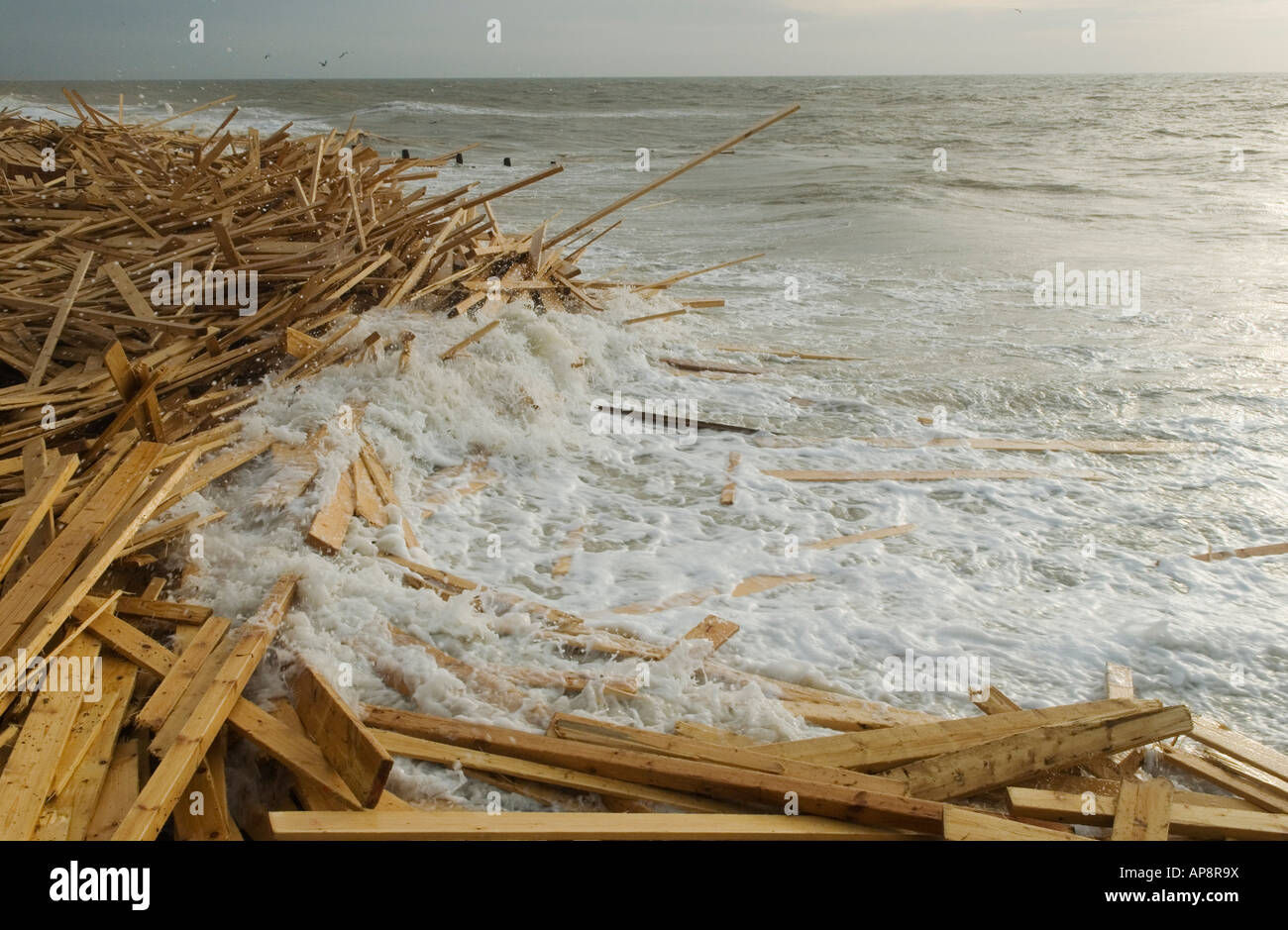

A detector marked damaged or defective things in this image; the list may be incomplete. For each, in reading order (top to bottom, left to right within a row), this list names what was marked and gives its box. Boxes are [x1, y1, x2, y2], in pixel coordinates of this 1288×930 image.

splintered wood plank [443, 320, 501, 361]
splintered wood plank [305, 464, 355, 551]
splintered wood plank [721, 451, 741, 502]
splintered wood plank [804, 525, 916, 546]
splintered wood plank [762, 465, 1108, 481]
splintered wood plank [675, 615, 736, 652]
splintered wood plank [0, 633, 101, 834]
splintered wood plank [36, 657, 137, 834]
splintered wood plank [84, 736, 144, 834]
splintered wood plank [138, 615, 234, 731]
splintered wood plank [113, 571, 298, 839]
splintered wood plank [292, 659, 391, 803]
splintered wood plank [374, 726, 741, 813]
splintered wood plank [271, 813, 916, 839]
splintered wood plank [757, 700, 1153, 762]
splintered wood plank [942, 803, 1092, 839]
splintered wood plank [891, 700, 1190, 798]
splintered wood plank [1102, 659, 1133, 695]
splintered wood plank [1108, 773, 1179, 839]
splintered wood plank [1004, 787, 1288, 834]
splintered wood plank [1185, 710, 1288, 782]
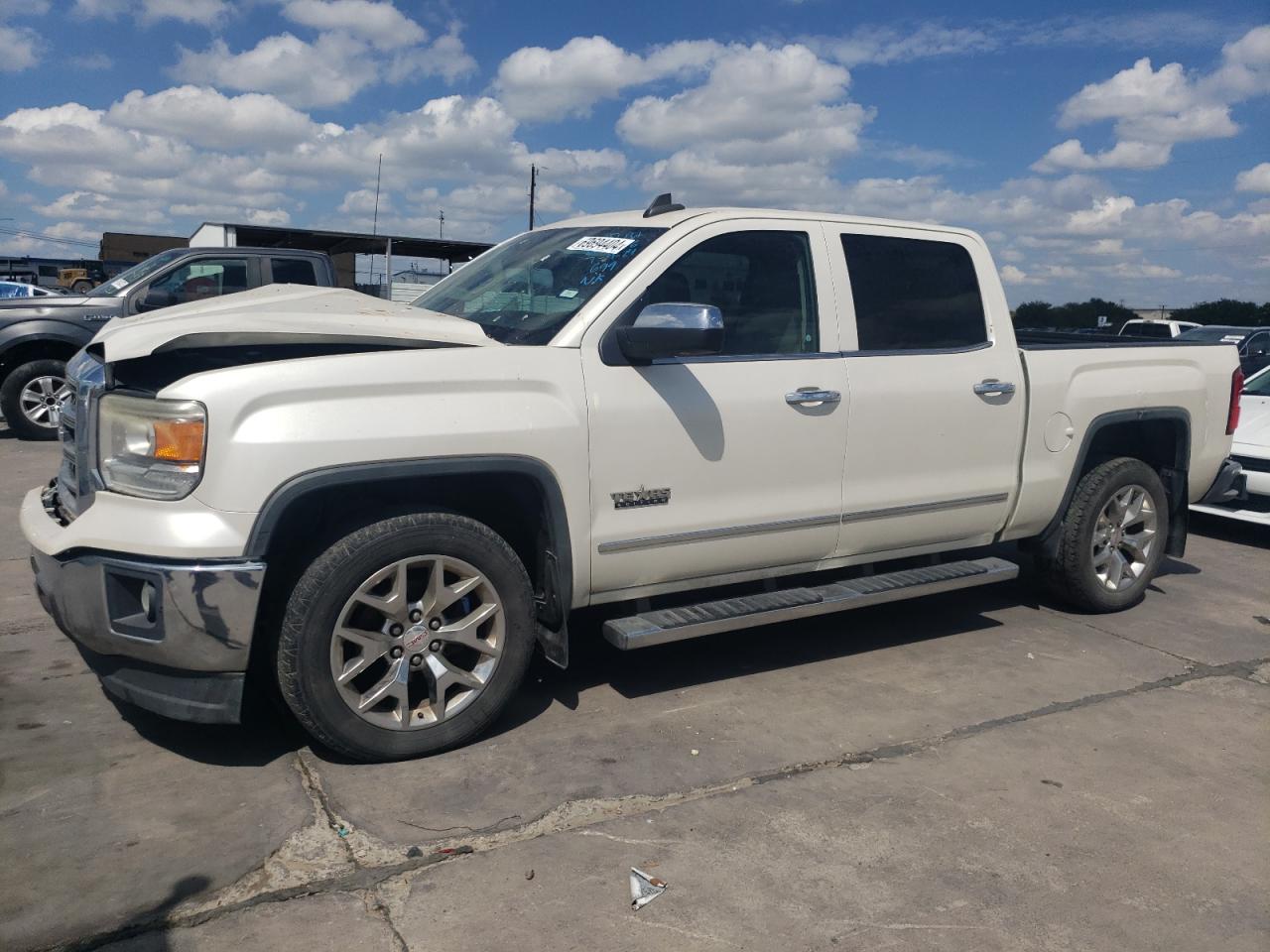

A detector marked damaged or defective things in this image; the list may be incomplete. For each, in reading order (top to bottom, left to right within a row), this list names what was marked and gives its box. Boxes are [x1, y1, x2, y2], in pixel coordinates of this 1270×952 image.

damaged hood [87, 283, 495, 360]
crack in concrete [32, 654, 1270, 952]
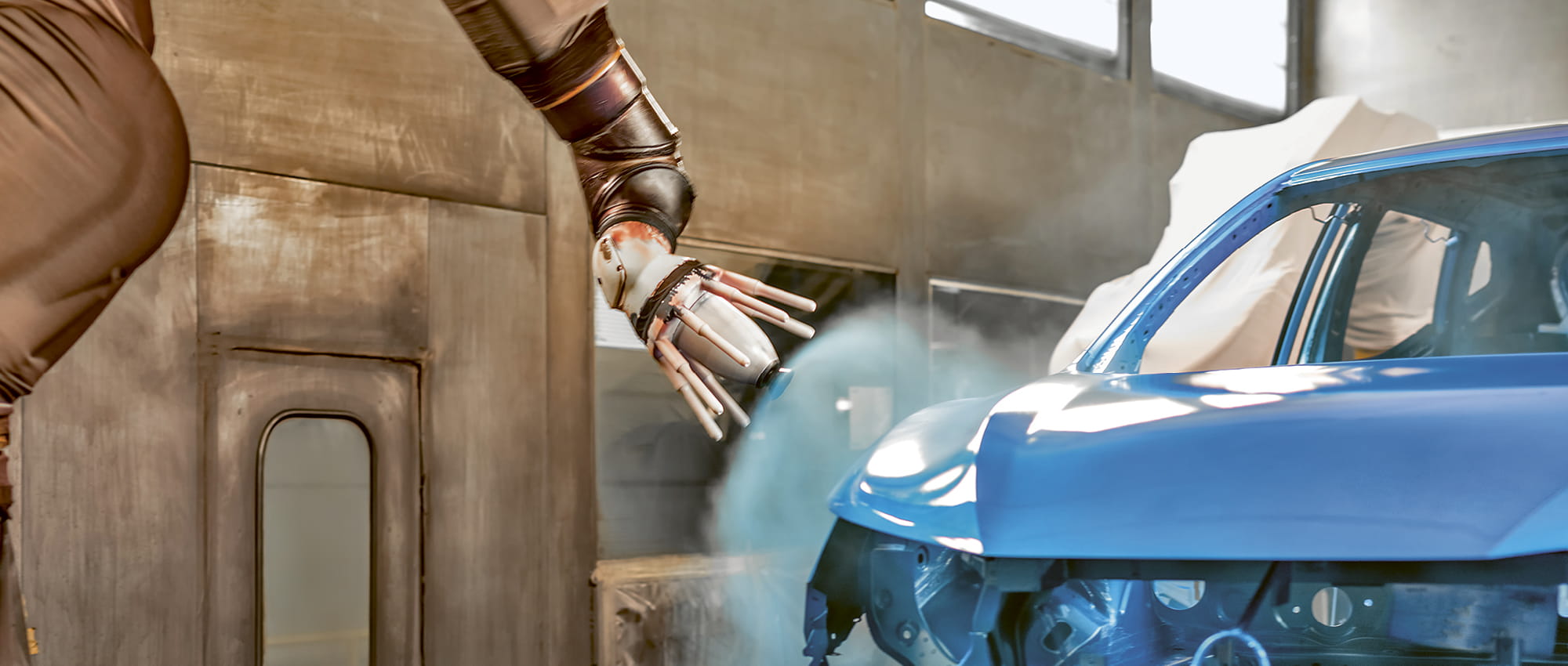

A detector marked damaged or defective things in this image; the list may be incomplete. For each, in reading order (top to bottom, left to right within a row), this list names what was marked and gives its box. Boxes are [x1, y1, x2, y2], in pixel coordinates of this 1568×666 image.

■ ■ ■ ■ ■ ■ ■

Goal of the exercise
In your copy of the listing, please omit the pictures and keep every word exact.

Task response
A detector marked damaged or defective things in this image; the list may be incomplete. For each, in reading order (top to bottom, left to right within a row), this list names what was marked and gives its box. Boxes are [x1, y1, x2, y2], in pixel coordinates of this 1288×930 image.

splintered wood plank [443, 320, 501, 361]
splintered wood plank [305, 464, 355, 551]
splintered wood plank [721, 451, 741, 502]
splintered wood plank [804, 525, 916, 546]
splintered wood plank [762, 465, 1108, 481]
splintered wood plank [675, 615, 736, 652]
splintered wood plank [0, 633, 101, 834]
splintered wood plank [36, 657, 137, 834]
splintered wood plank [84, 736, 144, 834]
splintered wood plank [138, 615, 234, 731]
splintered wood plank [113, 571, 298, 839]
splintered wood plank [292, 659, 391, 803]
splintered wood plank [374, 726, 741, 813]
splintered wood plank [271, 813, 916, 839]
splintered wood plank [757, 700, 1153, 762]
splintered wood plank [942, 803, 1092, 839]
splintered wood plank [891, 700, 1190, 798]
splintered wood plank [1102, 659, 1133, 695]
splintered wood plank [1108, 773, 1179, 839]
splintered wood plank [1004, 787, 1288, 834]
splintered wood plank [1185, 710, 1288, 782]

A detector marked damaged or defective things in this image; the list may be incomplete. For each, in reading order (top to bottom, left to right within a row), this list names what was marked and gives its box. Boxes are [x1, y1, x2, y2], in pixel coordinates of this 1270×952 image.

damaged hood [87, 283, 495, 360]
crack in concrete [32, 654, 1270, 952]

A detector marked damaged or defective things in this image; the list may be incomplete. For each, in reading order (top to bottom, left to right within a row), this list names what was marked and gives its box. Boxes are [x1, y1, x2, y2], in pixel coordinates of this 1568×666 image.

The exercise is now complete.